ISTOCK, SHAWN_HEMPEL Researchers have halted the progression of leukemia in mice by restoring the enzyme TET2 in hematopoietic stem cells, either by reestablishing its gene expression in transgenic mice or by promoting the protein’s function with high doses of vitamin C.

In their study, published today (August 17) in Cell, the authors found that the absence of this protein continuously drives a pre-leukemic state in hematopoietic stem cells, while its renewed presence can arrest leukemia progression. Notably, they also showed that boosting TET2’s enzymatic activity with vitamin C can make up for diminished amounts of the protein in deficient mice.

This is a “very important study that will definitely have a very lasting impact on the field,” says Ulrich Steidl of the Albert Einstein College of Medicine who was not involved in the study. It will likely “inspire a lot of scientists and translational investigators to think about similar strategies and...

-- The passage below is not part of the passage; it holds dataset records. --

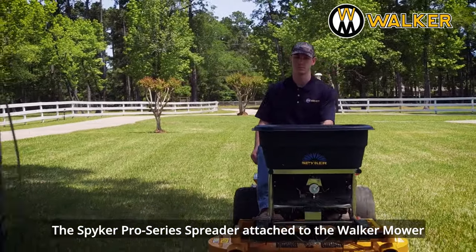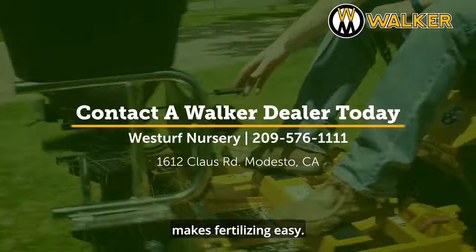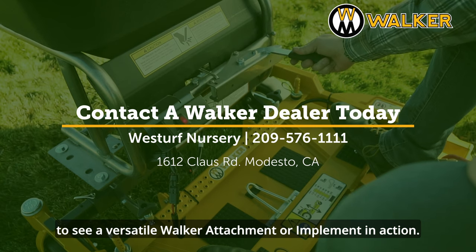The Spyker Pro Series Spreader attached to the Walker Mower makes fertilizing easy. Contact your local Walker dealer today to see a versatile Walker attachment or implement in action.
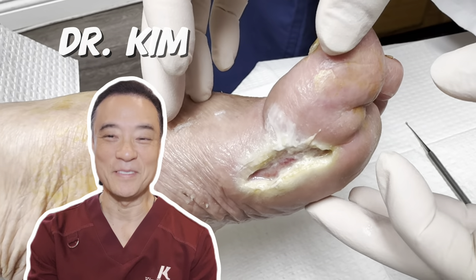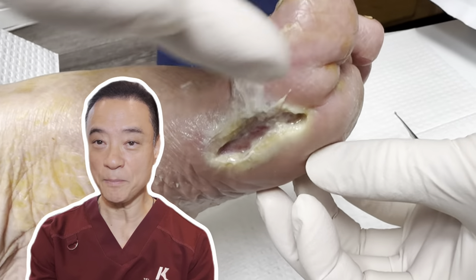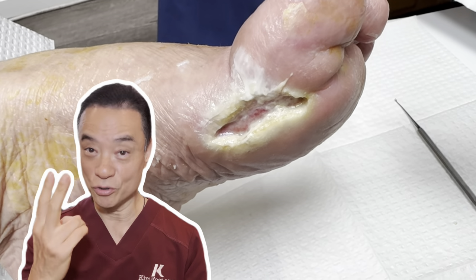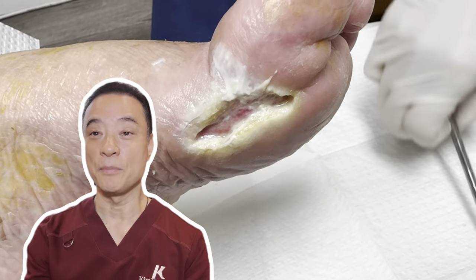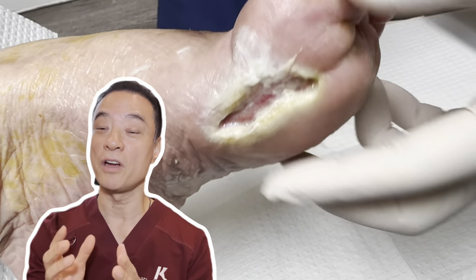Hi, everyone. This is Dr. Kim, America's holistic foot doctor. In this video, you meet my diabetic patient who has a large ulcer on her big toe. She had two surgeries due to an infection. I'll be using a new grafting material to heal the wound very quickly.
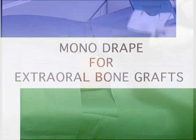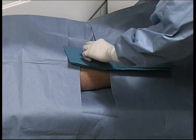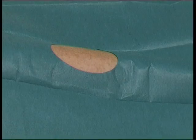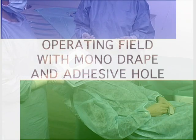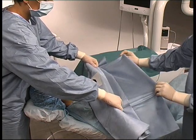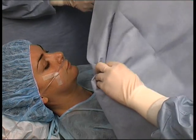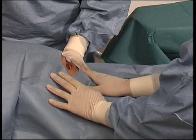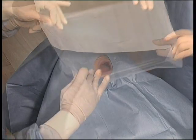For extra-oral bone grafts, if the operation involves such grafts, drapes with specific holes can be used to isolate the required area in the best way. For an operating field using a monodrape and adhesive hole, the drape is placed over the patient's chest and unfolded towards his feet. In this case, the patient must be attached to a suitable oxygenation and monitoring system. The protective strips are removed from the adhesive and the drape is fixed over the face. The sterile field can be integrated using a transparent incision drape.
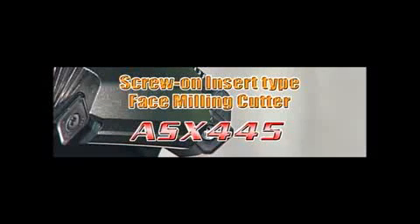Mitsubishi Carbide screw-on type face milling cutter, the ASX 445.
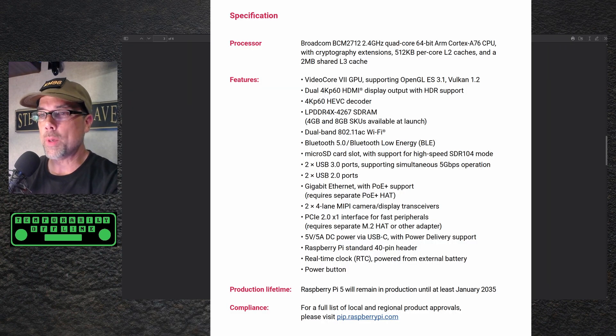Some specs at a quick glance: VideoCore VII GPU at about 800MHz, supports OpenGL. Vulkan 1.2 is new. For the dual output, it says up to two cameras or up to two screens — I think what they mean is one camera and one screen, or two screens, or two cameras and no screens, but not four total devices at the same time. We'll have to figure that out.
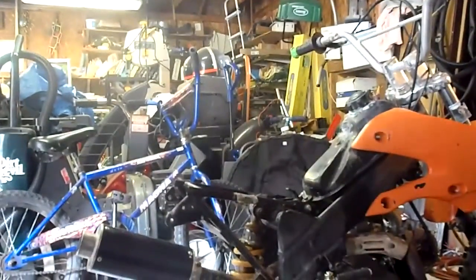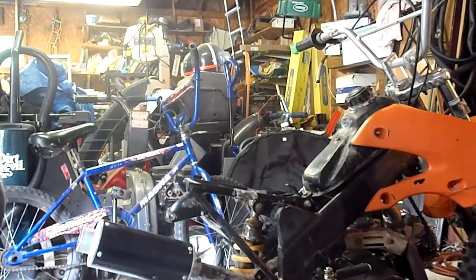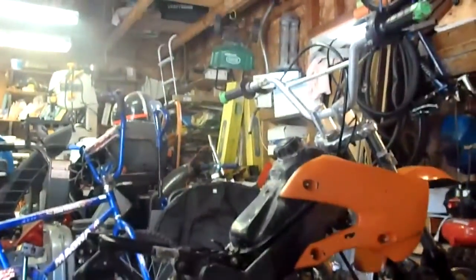Alright, just got done putting the stator on because my inner rotor kit decided to take a dump. So I got the stock stator on it now. We'll see what happens.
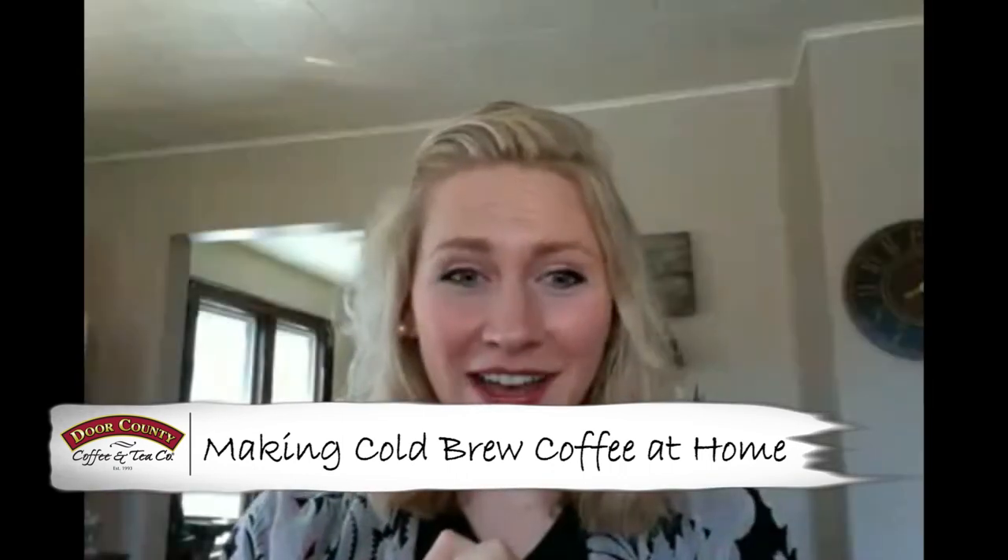Hey everybody, I put out a boomerang this morning of making cold brew and I have so many messages of people asking me how I do it that I wanted to just hop on here and show you how. It's really super easy and everybody being stuck at home right now, it's kind of the perfect time to try it out.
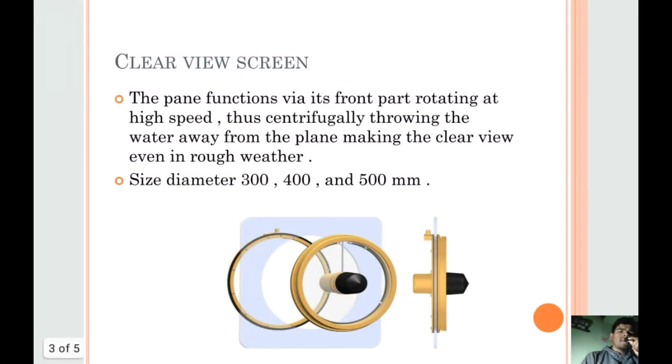The clear view screen pan functions via its front part rotating at a high speed, thus centrifugally throwing the water away from the plane, making the clear view even in rough weather. The size diameter is 300, 400, and 500 mm.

The authors previously demonstrated that a lack of TET2, often one the first mutations leukemia patients acquire, promotes leukemia in mice. TET2 is important for driving DNA demethylation, and leukemia patients with TET2 mutations exhibit hypermethylated DNA, in addition to accumulating hematopoietic stem cells that don’t mature like they’re supposed to—a hallmark of the disease.

“Without that wave of DNA demethylation to allow the [hematopoietic stem] cells to differentiate, they get stuck in a progenitor state,” explains lead author Luisa Cimmino, an assistant professor of pathology at New York University Langone Health. “So, you have this accumulation of this proliferating population of hypermethylated cells that aren’t getting the signal to fully differentiate.”

To further probe TET2’s role in fostering the cancer, they engineered mice so that TET2 gene expression could be reversibly knocked down or restored using RNA interference (RNAi). The researchers then transplanted bone marrow from the transgenic mice into genetically normal, disease-free counterparts.

Symptoms of a leukemia-like state progressed in mice transplanted with TET2 knock down cells.  But when the researchers restored TET2 gene expression, it blocked disease progression.  

The majority of patients with these TET2 mutations don’t exhibit a complete loss of the protein, because they only have a mutation in one copy of the gene, says Cimmino. “And if we could only bring [its] activity back to normal levels, it would be like restoring the protein back to normal levels. That’s where the vitamin C comes in.”

In a small experiment, vitamin C injections also suppressed leukemia progression in immunocompromised mice transplanted with hematopoietic stem cells from two leukemia patients.

Vitamin C works to reduce iron into a state that can be reused by TET2 to perform key steps in DNA demethylation, explains senior author Benjamin Neel, director of the Perlmutter Cancer Center at NYU Langone Health.  

“For the TET enzyme to be catalytically active, it needs to have iron readily available,” he says.  If there wasn’t a way to convert the iron back into a useable state, “each [TET2] enzyme would only be able to do one reaction, then it would be dead.”

Using human leukemia cell lines, the researchers discovered that vitamin C promoted both TET activity and DNA demethylation. They also repeated the bone marrow transplant experiment, this time giving mice bone marrow from TET2 knockout mice. In these mice, high-dose injections of vitamin C ameliorated the symptoms and progression of leukemia.

In a small experiment, vitamin C injections also suppressed leukemia progression in immunocompromised mice transplanted with hematopoietic stem cells from two leukemia patients.

“If these findings withstand clinical testing, the impact for patients with blood cancers could be significant,” says Eirini Papapetrou of the Icahn School of Medicine at Mount Sinai. “[T]hese patients have currently limited therapeutic options, particularly the more elderly patients with [myelodysplastic syndrome] and [acute myeloid leukemia], who cannot tolerate highly toxic treatment, like high-dose chemotherapy or bone marrow transplantation.”

According to Neel, his team is moving forward with clinical trials to test the efficacy of vitamin C, in conjunction with another demethylating agent, in patients with pre-leukemic myelodysplastic syndrome.

Neel is a bit skeptical of using vitamin C as a main strategy for cancer treatment, and cautions against assuming that it can be generalized to treat other cancers without the science to back it up. While there may be there are some health benefits to vitamin C, he says, “they’re unlikely to be a general anti-cancer therapy, and they really should be understood based on the molecular understanding of the many actions vitamin C has in cells.”

Additionally, Neel and Cimmino caution against eating excessive amounts of vitamin C, because the blood levels required for therapeutic benefit can’t be achieved by ingesting it. “There are a lot of folklores out there, and while most may have developed through empirical observations . . . the difference between alternative medicine and real medicine is that real medicine does things systematically based on science,” Neel adds.

See L. Cimmino et al., “Restoration of TET2 function blocks aberrant self-renewal and leukemia progression,” Cell, doi:10.1016/j.cell.2017.07.032, 2017.